I MIGRANTI ECONOMICI RESTANO IN ITALIA
Come abbiamo già scritto, l’accordo tra Stati volenterosi verrà
perfezionato il 23 settembre a Malta. Oggi il presidente della
Repubblica francese Emmanuel Macron si trova a Roma per discutere dei
dettagli ma se passerà la linea dei galletti per l’Italia saranno guai.
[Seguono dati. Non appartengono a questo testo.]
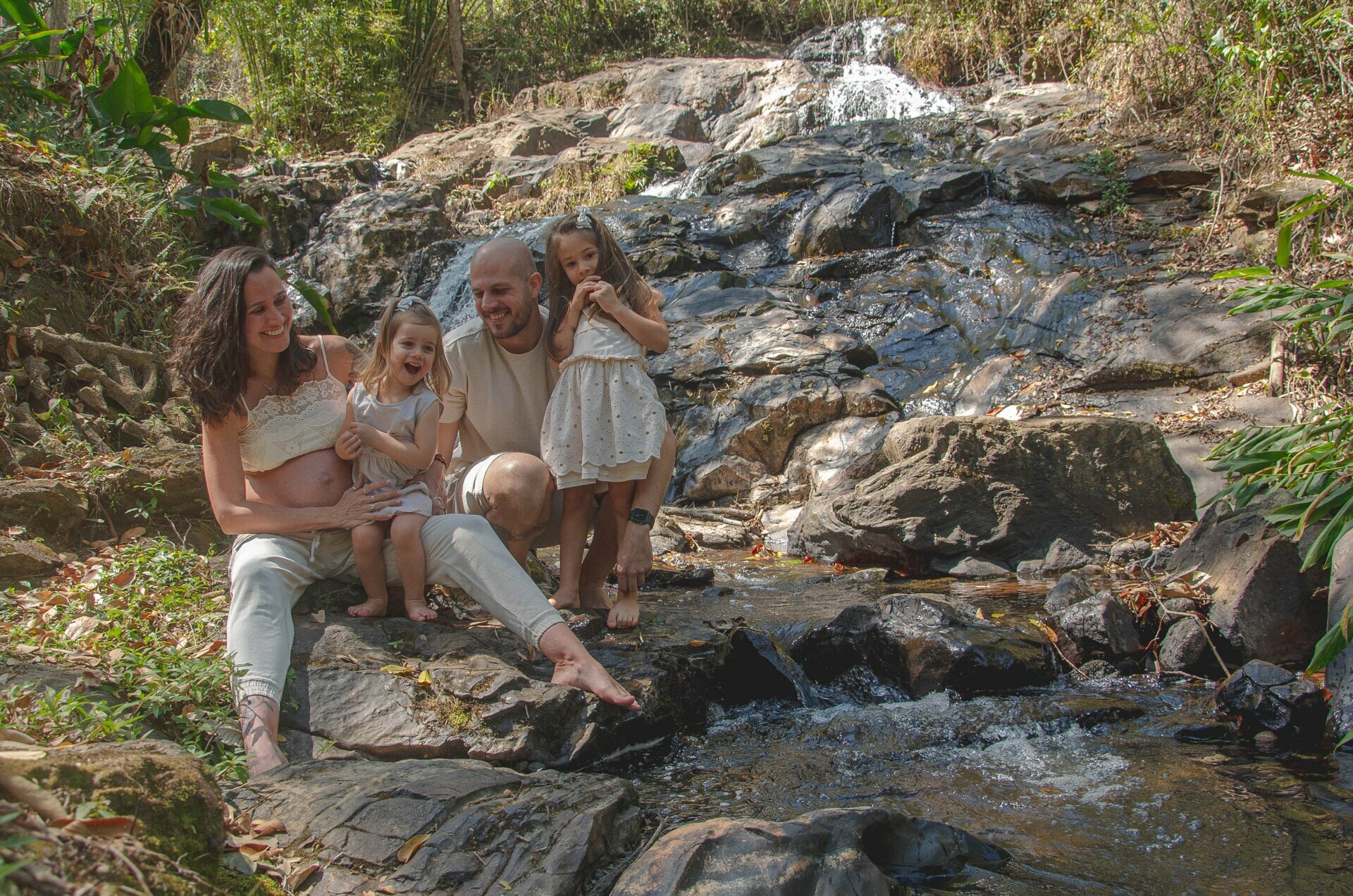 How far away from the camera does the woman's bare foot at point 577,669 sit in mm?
2891

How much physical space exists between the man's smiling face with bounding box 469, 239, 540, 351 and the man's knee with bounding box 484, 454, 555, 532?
547mm

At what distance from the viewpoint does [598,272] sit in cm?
363

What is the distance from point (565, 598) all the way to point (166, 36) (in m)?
8.35

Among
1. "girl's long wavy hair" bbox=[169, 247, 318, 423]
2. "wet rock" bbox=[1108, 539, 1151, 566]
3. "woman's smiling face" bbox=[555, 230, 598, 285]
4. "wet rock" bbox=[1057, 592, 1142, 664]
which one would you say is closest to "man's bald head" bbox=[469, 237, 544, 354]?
"woman's smiling face" bbox=[555, 230, 598, 285]

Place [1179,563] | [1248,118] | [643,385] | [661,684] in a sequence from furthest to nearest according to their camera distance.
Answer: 1. [1248,118]
2. [1179,563]
3. [643,385]
4. [661,684]

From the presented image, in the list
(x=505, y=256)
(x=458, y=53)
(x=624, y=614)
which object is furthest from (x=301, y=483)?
(x=458, y=53)

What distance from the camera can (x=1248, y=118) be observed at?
27.7 feet

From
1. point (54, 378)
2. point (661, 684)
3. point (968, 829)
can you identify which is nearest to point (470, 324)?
point (661, 684)

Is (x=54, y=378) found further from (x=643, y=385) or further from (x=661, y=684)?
(x=661, y=684)

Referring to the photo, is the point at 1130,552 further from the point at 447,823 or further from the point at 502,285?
the point at 447,823

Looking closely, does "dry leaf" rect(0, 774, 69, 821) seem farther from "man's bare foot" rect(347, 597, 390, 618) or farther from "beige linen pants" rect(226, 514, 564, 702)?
"man's bare foot" rect(347, 597, 390, 618)

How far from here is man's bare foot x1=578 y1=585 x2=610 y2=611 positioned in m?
3.78

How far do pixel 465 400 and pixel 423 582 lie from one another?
0.78 metres

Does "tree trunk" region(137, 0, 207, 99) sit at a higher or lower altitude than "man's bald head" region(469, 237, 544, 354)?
higher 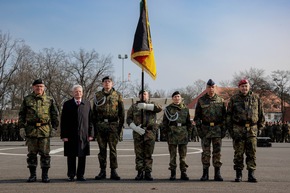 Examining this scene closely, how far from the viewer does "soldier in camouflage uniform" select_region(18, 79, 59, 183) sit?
27.3 ft

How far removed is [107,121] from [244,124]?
3.18 meters

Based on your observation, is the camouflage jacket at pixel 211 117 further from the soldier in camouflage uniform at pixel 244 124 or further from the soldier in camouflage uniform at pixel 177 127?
the soldier in camouflage uniform at pixel 177 127

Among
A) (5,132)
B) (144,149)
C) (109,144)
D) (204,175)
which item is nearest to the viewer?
(204,175)

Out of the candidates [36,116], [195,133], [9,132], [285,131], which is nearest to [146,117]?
[36,116]

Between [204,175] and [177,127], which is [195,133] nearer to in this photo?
[177,127]

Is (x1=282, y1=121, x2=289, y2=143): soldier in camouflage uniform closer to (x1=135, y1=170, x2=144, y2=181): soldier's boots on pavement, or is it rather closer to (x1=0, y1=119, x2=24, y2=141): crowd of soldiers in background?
(x1=0, y1=119, x2=24, y2=141): crowd of soldiers in background

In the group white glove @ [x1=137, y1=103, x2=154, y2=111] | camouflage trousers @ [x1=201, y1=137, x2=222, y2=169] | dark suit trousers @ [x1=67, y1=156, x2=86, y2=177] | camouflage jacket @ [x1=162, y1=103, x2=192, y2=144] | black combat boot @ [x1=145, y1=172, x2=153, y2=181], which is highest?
white glove @ [x1=137, y1=103, x2=154, y2=111]

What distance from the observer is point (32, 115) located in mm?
8414

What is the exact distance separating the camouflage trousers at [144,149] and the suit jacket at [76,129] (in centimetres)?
113

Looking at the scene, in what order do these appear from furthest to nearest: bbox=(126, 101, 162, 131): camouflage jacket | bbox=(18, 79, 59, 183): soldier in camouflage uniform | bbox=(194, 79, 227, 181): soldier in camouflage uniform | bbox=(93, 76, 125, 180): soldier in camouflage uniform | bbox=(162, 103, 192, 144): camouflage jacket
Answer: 1. bbox=(126, 101, 162, 131): camouflage jacket
2. bbox=(162, 103, 192, 144): camouflage jacket
3. bbox=(93, 76, 125, 180): soldier in camouflage uniform
4. bbox=(194, 79, 227, 181): soldier in camouflage uniform
5. bbox=(18, 79, 59, 183): soldier in camouflage uniform

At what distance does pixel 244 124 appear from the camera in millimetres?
8531

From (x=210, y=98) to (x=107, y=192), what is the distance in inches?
139

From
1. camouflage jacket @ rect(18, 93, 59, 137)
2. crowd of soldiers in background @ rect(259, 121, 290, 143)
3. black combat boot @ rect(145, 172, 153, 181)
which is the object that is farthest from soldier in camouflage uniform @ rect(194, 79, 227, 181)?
crowd of soldiers in background @ rect(259, 121, 290, 143)

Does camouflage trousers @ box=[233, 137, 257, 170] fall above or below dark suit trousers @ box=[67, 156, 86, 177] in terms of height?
above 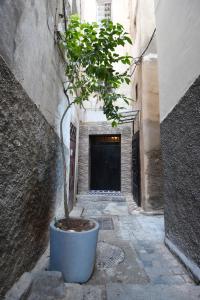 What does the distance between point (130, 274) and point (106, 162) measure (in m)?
6.08

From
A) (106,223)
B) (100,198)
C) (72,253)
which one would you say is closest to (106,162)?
(100,198)

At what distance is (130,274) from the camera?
246 cm

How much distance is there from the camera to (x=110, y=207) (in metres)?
6.11

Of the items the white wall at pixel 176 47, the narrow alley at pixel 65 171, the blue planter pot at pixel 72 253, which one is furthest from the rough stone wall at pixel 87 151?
the blue planter pot at pixel 72 253

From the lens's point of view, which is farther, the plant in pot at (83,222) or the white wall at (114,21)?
the white wall at (114,21)

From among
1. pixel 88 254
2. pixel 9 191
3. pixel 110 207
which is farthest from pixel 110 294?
pixel 110 207

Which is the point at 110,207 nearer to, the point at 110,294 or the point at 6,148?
the point at 110,294

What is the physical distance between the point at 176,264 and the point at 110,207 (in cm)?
350

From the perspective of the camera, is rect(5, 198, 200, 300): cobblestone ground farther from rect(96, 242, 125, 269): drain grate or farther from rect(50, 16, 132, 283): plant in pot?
rect(50, 16, 132, 283): plant in pot

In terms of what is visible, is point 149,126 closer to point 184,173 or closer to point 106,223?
point 106,223

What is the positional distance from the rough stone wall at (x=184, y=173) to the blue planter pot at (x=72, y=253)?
1.12m

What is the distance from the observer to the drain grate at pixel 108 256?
2684mm

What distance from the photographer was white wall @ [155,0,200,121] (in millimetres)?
2271

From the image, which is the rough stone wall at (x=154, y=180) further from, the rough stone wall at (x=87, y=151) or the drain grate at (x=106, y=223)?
the rough stone wall at (x=87, y=151) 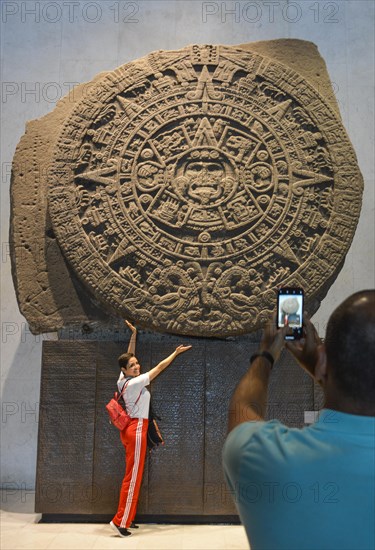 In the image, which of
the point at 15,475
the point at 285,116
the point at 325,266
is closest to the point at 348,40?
the point at 285,116

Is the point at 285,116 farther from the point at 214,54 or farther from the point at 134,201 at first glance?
the point at 134,201

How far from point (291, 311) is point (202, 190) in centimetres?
301

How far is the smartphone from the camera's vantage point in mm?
1685

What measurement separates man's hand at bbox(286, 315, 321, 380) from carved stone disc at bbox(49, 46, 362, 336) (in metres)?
2.91

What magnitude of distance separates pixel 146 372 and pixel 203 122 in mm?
1928

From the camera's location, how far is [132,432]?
441cm

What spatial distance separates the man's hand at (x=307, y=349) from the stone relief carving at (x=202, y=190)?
2.91m

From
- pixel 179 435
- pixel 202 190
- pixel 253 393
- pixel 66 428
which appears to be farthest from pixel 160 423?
pixel 253 393

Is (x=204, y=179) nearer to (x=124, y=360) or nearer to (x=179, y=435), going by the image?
(x=124, y=360)

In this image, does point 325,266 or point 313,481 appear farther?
point 325,266

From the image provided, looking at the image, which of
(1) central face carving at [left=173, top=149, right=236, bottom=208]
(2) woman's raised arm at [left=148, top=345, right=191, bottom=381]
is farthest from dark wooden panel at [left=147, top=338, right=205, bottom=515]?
(1) central face carving at [left=173, top=149, right=236, bottom=208]

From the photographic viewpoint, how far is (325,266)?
15.5 ft

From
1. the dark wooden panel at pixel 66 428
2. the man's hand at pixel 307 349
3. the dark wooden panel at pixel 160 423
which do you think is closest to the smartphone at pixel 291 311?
the man's hand at pixel 307 349

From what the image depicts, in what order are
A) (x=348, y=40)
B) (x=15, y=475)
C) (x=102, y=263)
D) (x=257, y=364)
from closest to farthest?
1. (x=257, y=364)
2. (x=102, y=263)
3. (x=15, y=475)
4. (x=348, y=40) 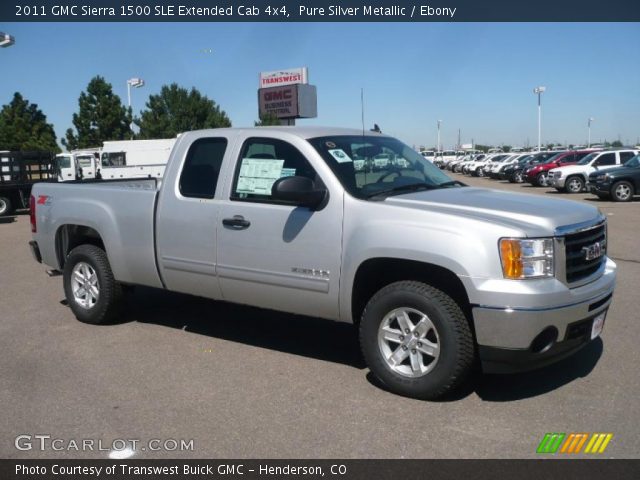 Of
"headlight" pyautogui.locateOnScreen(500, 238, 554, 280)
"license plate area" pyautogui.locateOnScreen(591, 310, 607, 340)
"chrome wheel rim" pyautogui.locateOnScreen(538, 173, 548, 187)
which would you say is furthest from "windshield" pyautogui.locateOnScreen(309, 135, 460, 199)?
"chrome wheel rim" pyautogui.locateOnScreen(538, 173, 548, 187)

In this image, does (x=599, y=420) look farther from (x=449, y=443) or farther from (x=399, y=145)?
(x=399, y=145)

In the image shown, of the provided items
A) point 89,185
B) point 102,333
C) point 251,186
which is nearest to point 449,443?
point 251,186

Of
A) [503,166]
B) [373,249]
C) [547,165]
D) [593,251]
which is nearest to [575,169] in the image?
[547,165]

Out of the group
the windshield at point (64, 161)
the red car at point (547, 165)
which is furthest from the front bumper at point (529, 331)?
the windshield at point (64, 161)

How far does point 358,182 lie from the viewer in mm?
4844

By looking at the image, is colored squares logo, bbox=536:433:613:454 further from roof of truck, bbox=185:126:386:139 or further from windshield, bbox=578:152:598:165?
windshield, bbox=578:152:598:165

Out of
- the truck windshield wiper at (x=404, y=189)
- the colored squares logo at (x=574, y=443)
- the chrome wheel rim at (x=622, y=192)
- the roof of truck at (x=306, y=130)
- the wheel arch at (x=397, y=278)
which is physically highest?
the roof of truck at (x=306, y=130)

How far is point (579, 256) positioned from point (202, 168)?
3137 mm

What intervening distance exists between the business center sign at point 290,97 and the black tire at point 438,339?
45.1 meters

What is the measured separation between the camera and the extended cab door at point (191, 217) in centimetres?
534

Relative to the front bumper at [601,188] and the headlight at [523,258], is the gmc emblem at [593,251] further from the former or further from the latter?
the front bumper at [601,188]

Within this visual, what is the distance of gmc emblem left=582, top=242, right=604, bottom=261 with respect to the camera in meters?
4.29

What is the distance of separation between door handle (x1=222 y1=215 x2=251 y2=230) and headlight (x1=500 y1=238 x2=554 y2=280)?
6.73 ft

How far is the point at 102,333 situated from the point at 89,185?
151cm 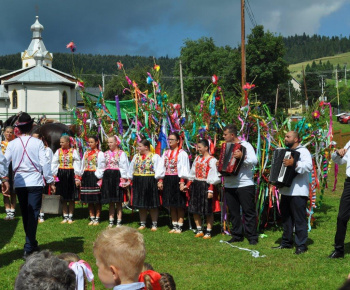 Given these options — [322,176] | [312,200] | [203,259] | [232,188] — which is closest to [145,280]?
[203,259]

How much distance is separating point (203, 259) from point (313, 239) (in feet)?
7.25

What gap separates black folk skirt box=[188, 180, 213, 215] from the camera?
827 centimetres

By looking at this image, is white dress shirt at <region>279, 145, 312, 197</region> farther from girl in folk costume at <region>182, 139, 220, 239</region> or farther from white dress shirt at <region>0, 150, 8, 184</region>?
white dress shirt at <region>0, 150, 8, 184</region>

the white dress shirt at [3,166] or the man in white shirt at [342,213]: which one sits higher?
the white dress shirt at [3,166]

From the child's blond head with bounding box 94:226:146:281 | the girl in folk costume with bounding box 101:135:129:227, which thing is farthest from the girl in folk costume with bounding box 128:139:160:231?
the child's blond head with bounding box 94:226:146:281

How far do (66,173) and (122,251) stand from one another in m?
7.42

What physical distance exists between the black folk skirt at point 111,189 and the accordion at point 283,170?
3.26 meters

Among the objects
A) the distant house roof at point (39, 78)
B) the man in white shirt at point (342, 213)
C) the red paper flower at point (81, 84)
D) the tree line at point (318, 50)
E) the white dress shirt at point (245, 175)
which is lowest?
the man in white shirt at point (342, 213)

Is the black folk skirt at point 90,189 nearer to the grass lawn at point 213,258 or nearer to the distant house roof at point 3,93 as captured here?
the grass lawn at point 213,258

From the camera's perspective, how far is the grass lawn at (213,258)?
5.81 meters

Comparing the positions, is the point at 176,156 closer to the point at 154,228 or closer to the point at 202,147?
the point at 202,147

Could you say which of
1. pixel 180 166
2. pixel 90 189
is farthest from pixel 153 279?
pixel 90 189

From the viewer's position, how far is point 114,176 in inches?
364

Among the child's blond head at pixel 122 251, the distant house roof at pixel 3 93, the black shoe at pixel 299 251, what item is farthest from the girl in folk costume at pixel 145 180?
the distant house roof at pixel 3 93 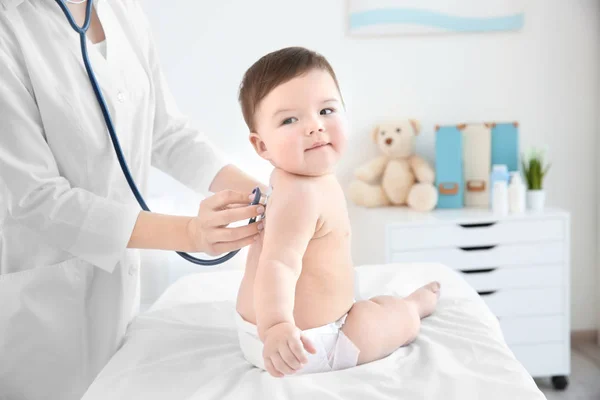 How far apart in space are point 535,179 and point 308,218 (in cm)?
196

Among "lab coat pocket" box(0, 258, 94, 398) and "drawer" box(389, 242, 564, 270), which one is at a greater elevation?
"lab coat pocket" box(0, 258, 94, 398)

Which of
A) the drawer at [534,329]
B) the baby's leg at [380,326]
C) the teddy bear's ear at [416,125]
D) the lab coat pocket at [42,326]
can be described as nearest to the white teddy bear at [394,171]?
the teddy bear's ear at [416,125]

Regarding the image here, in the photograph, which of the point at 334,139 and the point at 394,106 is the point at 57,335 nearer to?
the point at 334,139

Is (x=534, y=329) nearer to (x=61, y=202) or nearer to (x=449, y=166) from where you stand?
(x=449, y=166)

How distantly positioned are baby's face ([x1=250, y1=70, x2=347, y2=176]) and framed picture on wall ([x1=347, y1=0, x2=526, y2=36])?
1.90m

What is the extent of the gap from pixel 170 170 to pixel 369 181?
1.51 meters

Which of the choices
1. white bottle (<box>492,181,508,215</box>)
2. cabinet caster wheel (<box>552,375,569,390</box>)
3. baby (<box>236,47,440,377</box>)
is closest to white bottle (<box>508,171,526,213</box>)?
white bottle (<box>492,181,508,215</box>)

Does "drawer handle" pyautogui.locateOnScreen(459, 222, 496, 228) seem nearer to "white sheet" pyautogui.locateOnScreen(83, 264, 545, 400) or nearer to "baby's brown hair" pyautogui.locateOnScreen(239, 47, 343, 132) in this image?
"white sheet" pyautogui.locateOnScreen(83, 264, 545, 400)

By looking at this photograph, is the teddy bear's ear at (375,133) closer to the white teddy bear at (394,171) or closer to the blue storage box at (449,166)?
the white teddy bear at (394,171)

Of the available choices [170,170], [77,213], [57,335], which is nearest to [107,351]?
Result: [57,335]

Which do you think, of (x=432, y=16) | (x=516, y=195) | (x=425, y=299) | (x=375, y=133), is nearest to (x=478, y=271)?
(x=516, y=195)

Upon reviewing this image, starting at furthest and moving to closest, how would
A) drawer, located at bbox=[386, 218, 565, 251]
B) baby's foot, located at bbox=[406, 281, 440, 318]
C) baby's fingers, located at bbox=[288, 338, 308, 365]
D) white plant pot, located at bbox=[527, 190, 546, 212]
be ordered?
white plant pot, located at bbox=[527, 190, 546, 212]
drawer, located at bbox=[386, 218, 565, 251]
baby's foot, located at bbox=[406, 281, 440, 318]
baby's fingers, located at bbox=[288, 338, 308, 365]

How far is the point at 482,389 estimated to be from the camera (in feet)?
3.34

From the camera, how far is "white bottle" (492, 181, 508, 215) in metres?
2.67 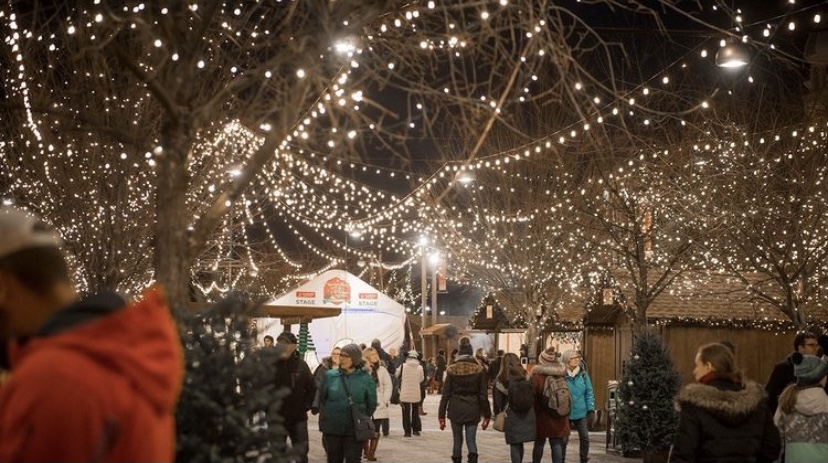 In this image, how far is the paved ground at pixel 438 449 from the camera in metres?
16.6

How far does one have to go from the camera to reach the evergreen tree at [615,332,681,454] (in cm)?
1542

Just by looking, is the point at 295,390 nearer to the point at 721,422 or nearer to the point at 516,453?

Come precisa oggi Repubblica, infatti, Parigi insiste sul fatto
che «nel nuovo meccanismo di ripartizione entrino solo i richiedenti
asilo e non i migranti economici».
Il problema è che i migranti economici rappresentano i due terzi
delle persone che sbarcano in Italia. Se l’accordo venisse chiuso così,
non sarebbe diverso da quello europeo del 2015
che si è dimostrato inefficace. La Francia inoltre si è detta
indisponibile «all’ipotesi di una rotazione degli sbarchi tra i porti
del Mediterraneo». Sarebbe di conseguenza l’Italia a doversi far carico
del riconoscimento e della registrazione dei migranti, che può
richiedere mesi. E sarebbe sempre l’Italia a doversi occupare del
rimpatrio dei migranti economici, con tutte le difficoltà che presenta,
come si è visto negli ultimi cinque anni.
L’INGANNO DELLA GERMANIA
Anche la Germania, che a parole ha solo elogi e garanzie di
collaborazione per il nuovo governo – basta leggere l’intervista di oggi
del Corriere al presidente Frank-Walter Steinmeier nella quale
promette «solidarietà» – non sta affatto aiutando il nostro paese. Il
caso di Mahamad Fathe, lo yemenita che ieri inneggiando ad Allah ha
accoltellato un militare a Milano, lo dimostra. Il 23enne era arrivato
in Italia dalla Libia nel 2017 e dopo aver richiesto asilo si era
spostato in Germania. Da qui era stato espulso il 12 luglio e rimandato
non certo in Yemen ma in Italia, come previsto dal trattato di Dublino,
in base al quale lo Stato membro competente all’esame della domanda
d’asilo è quello in cui il richiedente ha fatto il proprio ingresso
nell’Ue. E cioè, come sempre, l’Italia.
Bisogna ancora vedere quali saranno i dettagli dell’accordo che il
governo di Conte intende firmare. Al momento, però, la solfa è sempre la
stessa: l’Unione Europea vuole fare le politiche umanitarie sulla pelle
dell’Italia, senza condividere gli oneri. Con una differenza: se
venisse ratificata ancora una volta la redistribuzione solo di chi ha
diritto all’asilo politico, l’Italia dovrebbe farsi carico anche di una
parte dei migranti che da mesi, a ritmo sempre più sostenuto,
arrivano in Grecia. Provenendo quasi tutti da Afghanistan e Siria, si
tratta di persone alle quali facilmente sarà riconosciuto il diritto di
permanere nell’Ue. Così oltre al danno, l’Italia incasserebbe anche la
beffa.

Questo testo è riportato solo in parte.